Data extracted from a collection
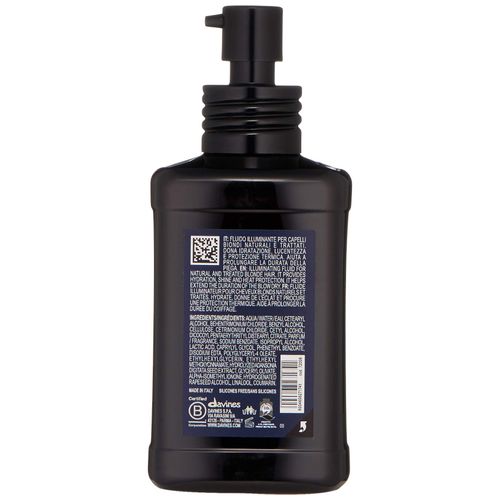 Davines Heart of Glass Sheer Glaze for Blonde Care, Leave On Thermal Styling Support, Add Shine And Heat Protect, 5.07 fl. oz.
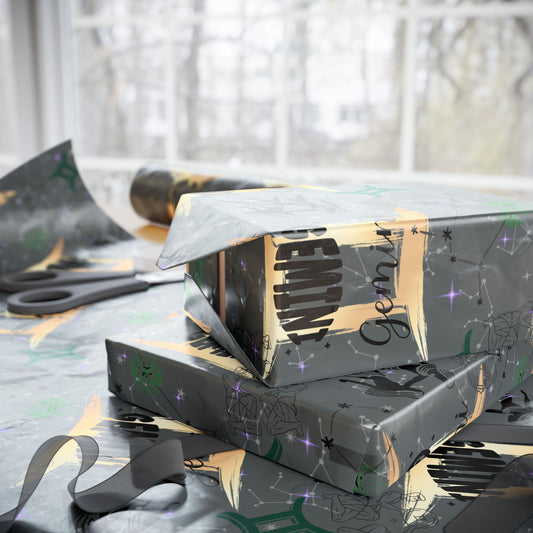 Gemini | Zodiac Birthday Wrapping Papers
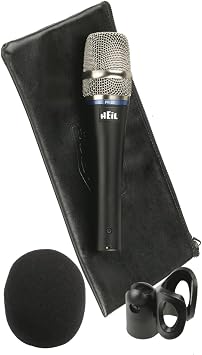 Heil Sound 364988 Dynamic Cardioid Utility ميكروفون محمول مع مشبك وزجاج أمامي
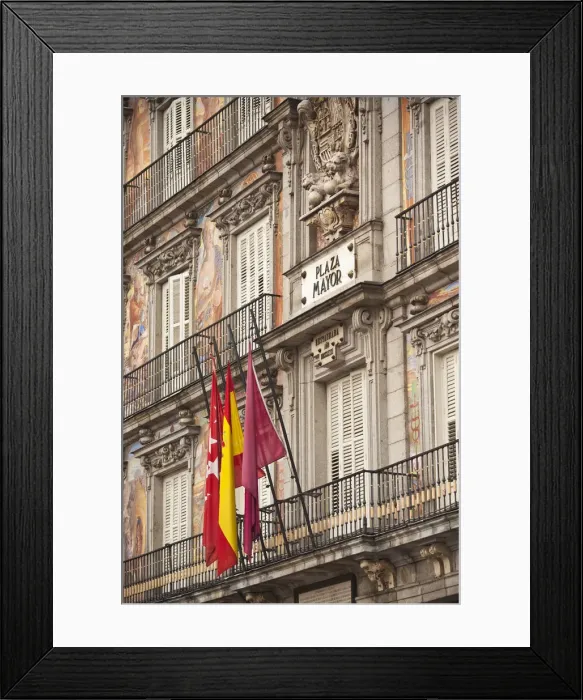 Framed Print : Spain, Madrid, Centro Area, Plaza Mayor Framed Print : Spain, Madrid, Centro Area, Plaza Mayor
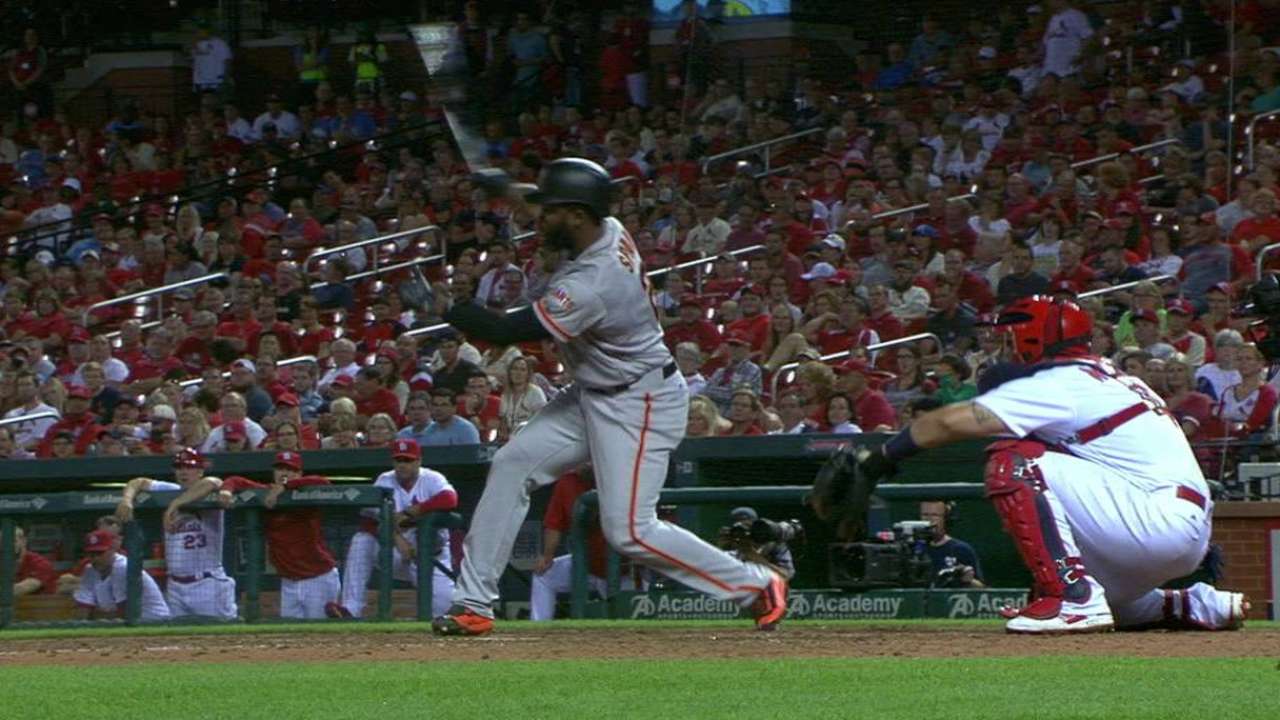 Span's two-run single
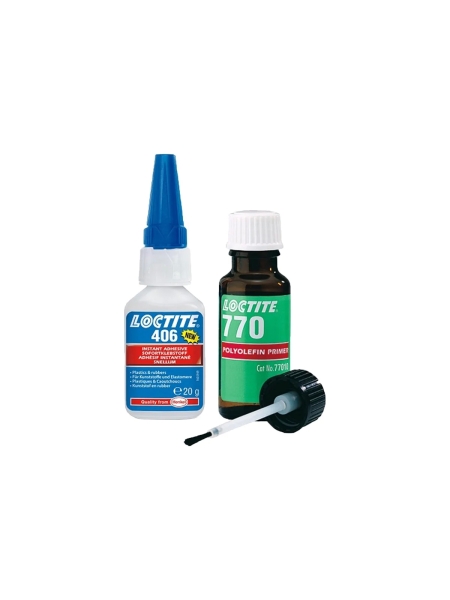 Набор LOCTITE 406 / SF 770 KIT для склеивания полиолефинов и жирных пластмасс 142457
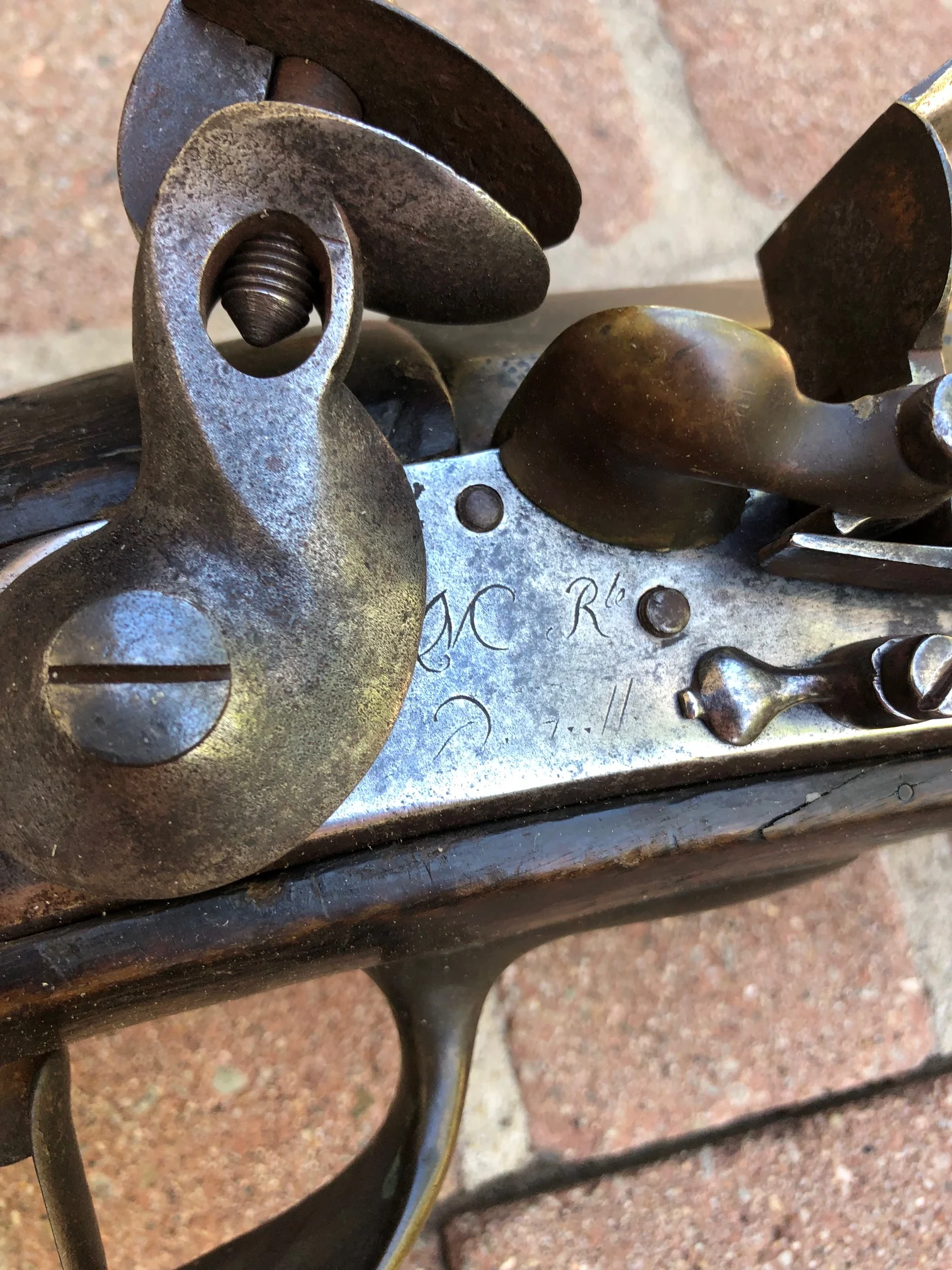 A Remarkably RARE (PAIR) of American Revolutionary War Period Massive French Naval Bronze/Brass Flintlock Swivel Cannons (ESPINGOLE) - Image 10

## Task
Nothing but an exact copy belongs in the answer: the lines from the top of the records through the line containing "Heil Sound 364988", minus the pictures.

## Task solution
 Davines Heart of Glass Sheer Glaze for Blonde Care, Leave On Thermal Styling Support, Add Shine And Heat Protect, 5.07 fl. oz.
 Gemini | Zodiac Birthday Wrapping Papers
 Heil Sound 364988 Dynamic Cardioid Utility ميكروفون محمول مع مشبك وزجاج أمامي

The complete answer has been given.